Saturday, October 18, 2008

More about colours - Ultramarine



Until 1836 the colour ultramarine used by artists was obtained by grinding the stone lapis lazuli. Ultramarine means over the sea and was so named because this rock, used by the ancient Egyptians to cure melancholy, enhance intelligence and confer the wisdom to use it, was first found in one place, above 5000 metres, in the mountains of Afghanistan. To protect the mines and deter thieves, any who were caught were put to death. Even the miners worked chained to the walls of the shaft. It is the tiny crystals of pyrite, that look like stars in a midnight sky, that prove the stone is true lapis. One company still makes the pigment using the ancient method. First, small pieces are heated then quenched. Now brittle, the material is ground and washed. Next, the washed pigment is mixed with dough formed from a little wax, rosin and linseed oil. The dough is kneaded in a weak solution of soda lye. The alkaline water extracts the finest particles of colour which settle out while the dough retains the impurites. This extraction can be repeated several times, but the first produces the purest and deepest colour.




Orpiment: Pigment of Gold.
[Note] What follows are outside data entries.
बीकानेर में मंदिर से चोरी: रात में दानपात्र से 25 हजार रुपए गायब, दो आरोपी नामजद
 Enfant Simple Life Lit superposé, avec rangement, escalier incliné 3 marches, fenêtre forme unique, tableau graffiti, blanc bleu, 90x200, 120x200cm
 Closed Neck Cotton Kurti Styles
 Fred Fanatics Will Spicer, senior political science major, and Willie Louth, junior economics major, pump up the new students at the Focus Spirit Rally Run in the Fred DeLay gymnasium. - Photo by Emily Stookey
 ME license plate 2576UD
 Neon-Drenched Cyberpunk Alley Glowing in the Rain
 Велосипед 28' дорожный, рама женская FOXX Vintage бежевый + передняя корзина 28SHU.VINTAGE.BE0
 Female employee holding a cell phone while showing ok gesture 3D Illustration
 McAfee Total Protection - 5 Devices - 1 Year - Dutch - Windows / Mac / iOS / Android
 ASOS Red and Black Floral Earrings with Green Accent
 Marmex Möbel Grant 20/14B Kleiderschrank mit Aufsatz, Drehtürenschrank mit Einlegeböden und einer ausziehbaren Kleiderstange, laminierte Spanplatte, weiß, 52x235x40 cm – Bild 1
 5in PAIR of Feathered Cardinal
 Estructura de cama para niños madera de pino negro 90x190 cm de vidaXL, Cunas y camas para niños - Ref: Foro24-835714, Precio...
Used from the earliest civilsations, it was claimed that this could only be lightened by using white made from burned hartshorn, (deer antler) also used in Regency times added to water to revive ladies suffering from fits of the vapours. Orpiment is also known as arsenic yellow, which is a warning in itself. Nor should it be touched with an iron knife. (I haven't yet managed to find out what would happen if you did.) One form is known as King's Yellow. The other is red orpiment, sometimes called Realgar. Both are poisonous, not reliably permanent, and have only limited compatibility with other pigments. Painting has probably become considerably safer since they were replaced by synthetic colours.

Jane Jackson

4 comments:

Jan Jones said...

Good grief, Jane, I never realised what a dangerous profession it was! It's amazing any of the artists lived to produce another canvas.

Do you suppose that's what is meant by painters "suffering for their art"?

Linda Banche said...

Dangerous or not, the colors are gorgeous.

Anonymous said...

Jane said...

And I haven't yet mentioned the lead used in flake white or Naples yellow, or pigments that contained arsenic and cyanide, or the habit some artists had of using their lips to bring the brush to a point ...

Linda Banche said...

Talk about suffering for your art. Those artists certainly did.